Abstract

Unlike the English rule governing court fees and costs, under which the loser pays litigation costs, and the American rule, under which each party pays its own costs, Israel vests in judges full discretion to assess fees and costs. Given concerns about both the English and American rules, and the absence of empirical information about how either functions, an empirical study of judicial fee award practices should be of general interest. We report evidence that Israeli judges apply multiple de facto fee systems: a nearly one way fee-shifting system that dominates in tort cases, a loser pays system that operates when publicly owned corporations litigate, and a loser pays system with discretion to deny fees in other cases. Although a loser pays norm dominates in Israel, with fees awarded in 80% of cases, Israeli judges often exercised their discretion to protect losing litigants, especially individuals, by denying fees. For individual plaintiffs and defendants, the denial rate exceeded 30% for defendants who prevailed against individuals and was about one-quarter for plaintiffs who prevailed against individuals. Judges protected individual plaintiffs against fee awards more than corporations. In cases lost by individual plaintiffs, fees were denied to successful defendants 29.9% of the time compared to denials in 18.0% of cases lost by corporate plaintiffs and 16.7% of cases lost by governmental plaintiffs.
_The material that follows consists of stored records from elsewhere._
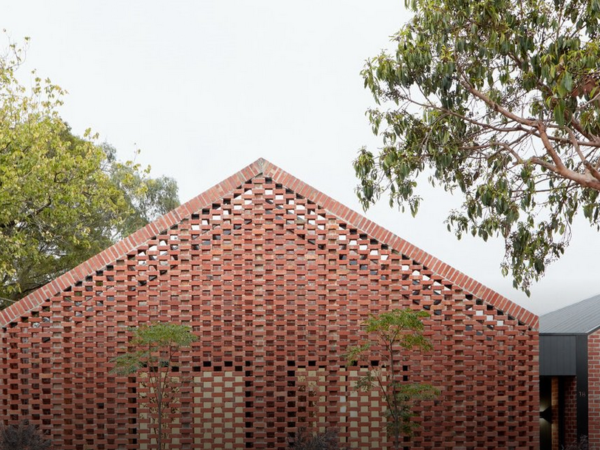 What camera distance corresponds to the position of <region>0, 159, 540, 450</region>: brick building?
32.7ft

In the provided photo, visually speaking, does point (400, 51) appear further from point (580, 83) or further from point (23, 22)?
point (23, 22)

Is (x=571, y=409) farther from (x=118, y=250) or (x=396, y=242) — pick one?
(x=118, y=250)

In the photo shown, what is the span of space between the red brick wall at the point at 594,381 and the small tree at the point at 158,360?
23.5ft

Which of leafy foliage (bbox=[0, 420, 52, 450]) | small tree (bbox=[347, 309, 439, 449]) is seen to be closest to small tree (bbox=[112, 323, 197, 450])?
leafy foliage (bbox=[0, 420, 52, 450])

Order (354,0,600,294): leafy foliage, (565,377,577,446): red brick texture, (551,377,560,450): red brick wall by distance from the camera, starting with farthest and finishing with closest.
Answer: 1. (551,377,560,450): red brick wall
2. (565,377,577,446): red brick texture
3. (354,0,600,294): leafy foliage

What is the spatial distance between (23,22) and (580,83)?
1248cm

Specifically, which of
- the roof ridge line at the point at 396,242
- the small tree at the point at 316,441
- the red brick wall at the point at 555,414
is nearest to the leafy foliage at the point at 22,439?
the small tree at the point at 316,441

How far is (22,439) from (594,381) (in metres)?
9.36

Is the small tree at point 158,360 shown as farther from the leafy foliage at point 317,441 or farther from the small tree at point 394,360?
the small tree at point 394,360

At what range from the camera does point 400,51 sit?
29.5 feet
In cases lost by individual defendants, fees were denied to successful plaintiffs 22.7% of the time compared to 9.8% denials in cases lost by corporate defendants and 28.6% denials in cases lost by government defendants. In addition to varying by whether plaintiffs or defendants prevailed and by party status, the fee denial pattern varied by case category and judicial district. Theorizing about optimal fee rules should account for the variety of fee outcomes observed in practice.